◆ **Provided data**
###

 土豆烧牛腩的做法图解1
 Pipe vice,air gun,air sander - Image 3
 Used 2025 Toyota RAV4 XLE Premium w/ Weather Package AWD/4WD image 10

###

◆ **Work required**
Write the listing out again in full, exactly as it stands above.

◆ **Solution**
 土豆烧牛腩的做法图解1
 Pipe vice,air gun,air sander - Image 3
 Used 2025 Toyota RAV4 XLE Premium w/ Weather Package AWD/4WD image 10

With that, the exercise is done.